Lexikon des Agrarraums

Kurt G. Baldenhofer

Zuckerrohrplantage in Australien

postglazialer Biodiversitätswandel (Mitteleuropa)

Die nacheiszeitliche Faunen- und Vegetationsentwicklung ging einher mit dem wachsenden Einfluss des Menschen als Bestandteil und Gestalter seiner Umwelt und damit auch der Biodiversität.

Der entscheidende anthropogene Einfluss setzte ein, als vor ca. 5.000 Jahren der Übergang von der nomadischen Lebensweise zum Leben in mehr oder weniger permanenten Siedlungen begann. Dieser Prozess wurde durch den Übergang vom Sammeln und Jagen zur Landwirtschaft verursacht. Der entsprechende Zeitraum wird als neolithische Revolution bezeichnet. Zu dieser Zeit erfolgte eine gezielte Abholzung der Wälder, nicht nur zur Holzgewinnung, sondern auch zur Urbarmachung von Flächen für die Landwirtschaft. Mitteleuropa und damit auch Deutschland war damals zu über 90 % mit Wäldern bedeckt, lediglich der alpine Bereich und größere stark vernässte oder überschwemmte Flächen (z.B. Hochmoore, Flussauen, Küstenmarschen) waren waldfrei.

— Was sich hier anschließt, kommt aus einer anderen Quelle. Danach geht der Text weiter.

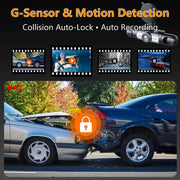 Henotian 4 Channel Dash Cam, 4K Front Camera, 360-Degree Full View, WiFi App Control, Night Vision, G-Sensor, Loop Recording with 64GB Card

Der Hauptteil der angebauten Kulturpflanzen kam weitgehend aus Südeuropa und Kleinasien und stellte eine Bereicherung der lokalen Artenpools dar. Mit den Kulturpflanzen kamen auch viele Begleitpflanzen (z.B. Ackerwildkrautarten) und -tiere mit, die ganz erheblich die Artenvielfalt bereicherten. Zusätzlich passten sich einheimische Arten an die Ackernutzung an. Auch begannen viele Tierarten (Kulturfolger) diese neuen Lebensräume zu nutzen, beispielsweise Rebhuhn, Großtrappe, Feldhase, Kaninchen.

Obwohl große Waldflächen verschwanden, verringerte sich die Artenvielfalt nicht, da die bestehenden Wälder ausreichten, den Fortbestand typischer Waldarten zu sichern.

Generell führte das Aufkommen der Landwirtschaft zu einer Erhöhung der Biodiversität in Mitteleuropa. Dies änderte sich bis in die erste Hälfte des 19. Jahrhunderts nicht entscheidend.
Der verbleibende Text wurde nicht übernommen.